**** Provided data ****

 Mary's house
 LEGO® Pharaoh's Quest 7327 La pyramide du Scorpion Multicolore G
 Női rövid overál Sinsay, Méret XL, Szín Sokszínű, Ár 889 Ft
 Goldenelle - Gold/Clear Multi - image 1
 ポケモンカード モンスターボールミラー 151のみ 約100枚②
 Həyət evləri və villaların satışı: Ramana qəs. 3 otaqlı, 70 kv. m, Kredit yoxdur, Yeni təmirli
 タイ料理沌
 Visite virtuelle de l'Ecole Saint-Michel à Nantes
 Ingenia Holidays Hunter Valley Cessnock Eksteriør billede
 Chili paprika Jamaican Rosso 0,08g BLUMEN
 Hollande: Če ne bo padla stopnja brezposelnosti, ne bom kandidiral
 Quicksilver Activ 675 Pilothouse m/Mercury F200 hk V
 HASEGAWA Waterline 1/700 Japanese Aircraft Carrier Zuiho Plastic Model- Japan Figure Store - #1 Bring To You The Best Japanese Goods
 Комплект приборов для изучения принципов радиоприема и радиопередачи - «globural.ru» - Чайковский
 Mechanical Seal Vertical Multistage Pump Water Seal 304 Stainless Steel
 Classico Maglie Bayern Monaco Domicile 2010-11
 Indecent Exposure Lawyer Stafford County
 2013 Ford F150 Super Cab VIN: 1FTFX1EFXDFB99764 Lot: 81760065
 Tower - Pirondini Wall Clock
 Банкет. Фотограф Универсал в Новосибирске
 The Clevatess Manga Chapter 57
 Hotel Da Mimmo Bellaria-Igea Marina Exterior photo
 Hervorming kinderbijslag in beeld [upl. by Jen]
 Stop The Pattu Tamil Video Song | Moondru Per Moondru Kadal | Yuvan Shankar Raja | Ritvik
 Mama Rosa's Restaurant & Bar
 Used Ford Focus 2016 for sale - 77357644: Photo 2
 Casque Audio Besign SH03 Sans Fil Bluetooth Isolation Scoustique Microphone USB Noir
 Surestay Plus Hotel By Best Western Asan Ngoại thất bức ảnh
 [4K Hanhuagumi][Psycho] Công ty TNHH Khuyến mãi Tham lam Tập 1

****

- _What is needed_: Every line in the records above with "Hotel" in it adds one to the count; give that count and nothing else.

- _Finished task_: 2